Each line below with the word "legs" needs to be copied.

*** MATERIALS PROVIDED ***

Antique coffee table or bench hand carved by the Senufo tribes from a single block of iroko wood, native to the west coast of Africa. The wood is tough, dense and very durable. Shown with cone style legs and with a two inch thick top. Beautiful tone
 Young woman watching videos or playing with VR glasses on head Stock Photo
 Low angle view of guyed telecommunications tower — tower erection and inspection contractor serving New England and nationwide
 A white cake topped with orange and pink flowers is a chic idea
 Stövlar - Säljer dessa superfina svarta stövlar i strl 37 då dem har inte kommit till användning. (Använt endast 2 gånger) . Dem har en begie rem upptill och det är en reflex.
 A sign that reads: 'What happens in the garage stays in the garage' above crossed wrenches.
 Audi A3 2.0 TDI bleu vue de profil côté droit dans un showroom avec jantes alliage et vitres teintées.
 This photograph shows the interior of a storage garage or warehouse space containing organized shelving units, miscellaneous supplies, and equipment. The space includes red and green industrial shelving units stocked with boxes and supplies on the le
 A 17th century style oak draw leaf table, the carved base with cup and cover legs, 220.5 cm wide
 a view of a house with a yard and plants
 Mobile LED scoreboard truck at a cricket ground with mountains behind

*** End of MATERIALS PROVIDED ***

WRITTEN RESPONSE
Antique coffee table or bench hand carved by the Senufo tribes from a single block of iroko wood, native to the west coast of Africa. The wood is tough, dense and very durable. Shown with cone style legs and with a two inch thick top. Beautiful tone
 A 17th century style oak draw leaf table, the carved base with cup and cover legs, 220.5 cm wide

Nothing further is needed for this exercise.